Арабский военный кодекс, спросил бы я себя, требует, чтобы тело врага разрубали на части после того, как он умрет, или до? Требует ли этот кодекс, чтобы сердце все еще билось, когда отрезают гениталии? Мне нужно было это знать, потому что сейчас так много говорят об арабской чести. И сколько своих пленных они возьмут в обмен на его истерзанное тело? Никто не умеет проворачивать сделки так, как сирийцы.
Если бы я пришел, мои слова никого бы не утешили. Госпожа Азулай все равно так и не оправилась бы после смерти сына и зятя. Но я, по крайней мере, был бы там, вместе со своим другом Тами, вместо того чтобы сидеть в Национальной университетской библиотеке и читать брошюры на идише.
Единственное, чем я горжусь — и это была идея Мири, а не моя, — перед тем, как уехать из Израиля, мы вернули всю сумму субсидии на съем квартиры, все до копейки. Это стоило нам некоторых усилий, потому что Министерство абсорбции не приспособлено принимать возвраты. Мы сделали это в отличие от одного из наших американских друзей, который с большой выгодой продал квартиру в районе Гива-Царфатит,[518] вернулся в Штаты, а потом написал книгу, развенчивающую сионизм. В каких бы прегрешениях, которых не искупит никакая Война Судного дня и никакая молитва Судного дня, я ни был виновен, я совершил их по ошибке.
Мы уехали из Израиля в начале июня 1975 года. Из иллюминатора самолета Эль-Аль[519] я увидел по пояс голого человека, который работал в люке возле ангара. Было два часа дня, и было очень жарко. Что бы он ни делал, сказал я себе, он в большей степени человек, чем я. Теперь, когда я заново переживаю этот решающий момент своей жизни, я хочу сказать — и в большей степени еврей.
Глава 29
Нью-йоркский еврей
Ну ладно. Ты вылетел из Хавурат Шалом. Ты изменил своей мечте — и мечте твоего брата и сестры — жить в Израиле. Может быть, следующим шагом должно стать преподавание в Семинарии? И вот наступил 1985 год, и ты уже доцент. А что плохого, позвольте спросить, в том, чтобы быть нью-йоркским евреем? Рут отдала бы свою правую руку, чтобы жить на Манхэттене. Но твоя сестра застряла в Монреале — крупная рыба в мелком прудике.
«Лучше быть хвостом льва, чем головой лисицы» — так сказано в «Поучениях отцов», 4:15.

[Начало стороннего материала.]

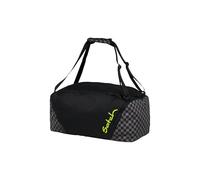 Satch Borsa per Lo Sport Scomparto per l'umido Scomparto per Le Scarpe Scomparto con Cerniera Tracolla Maniglie Imbottite per Il Trasporto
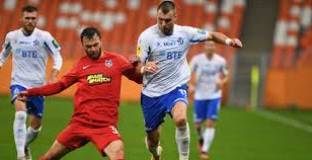 Тамбов - Динамо Москва 1:2 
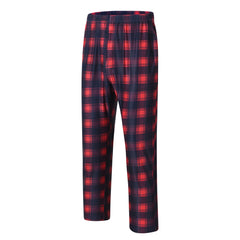 YIRUIYA Plaid Long Sleeve Soft Loungewear Pajama Set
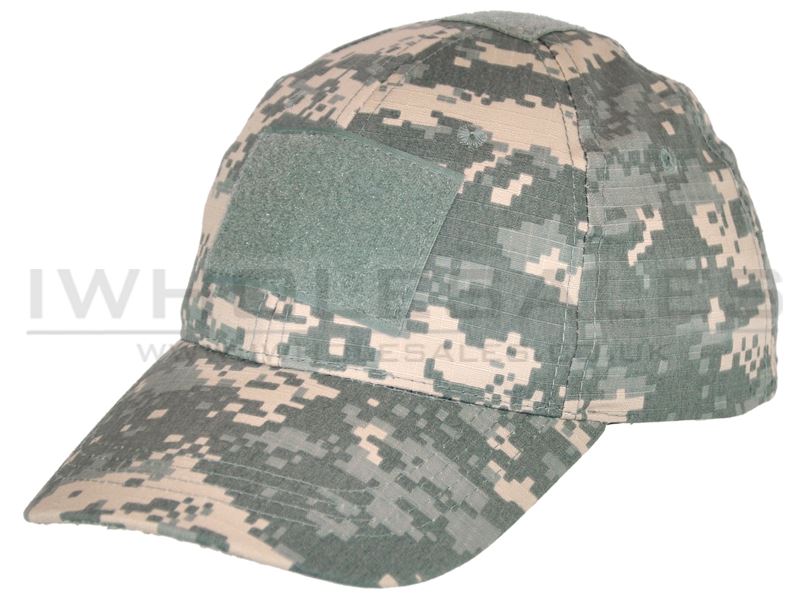 ACM Baseball Caps with Velcro ACM Baseball Caps with Velcro (ACU) airsoft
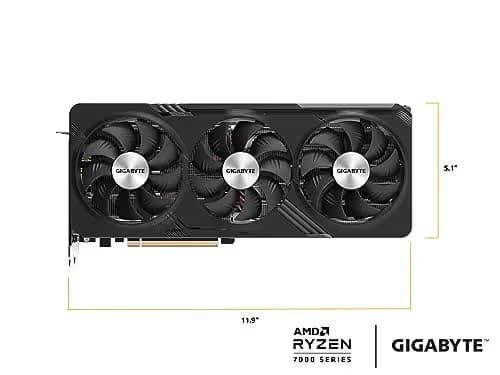 GIGABYTE Radeon RX 7700 XT GAMING OC 12G GDDR6 image
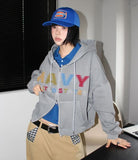 KITSCH APPLIQUE HOODIE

Хватит уже. Все равно ты тут. Так воспользуйся этим. Ты сказал себе, что начинается культурное возрождение.
Когда я говорил такое?
В девятой главе.
Не совсем. Я писал там, что «несколько беглецов из старой Хавуры… создали собственную общину в Верхнем Вест-Сайде». Вряд ли это можно назвать возрождением.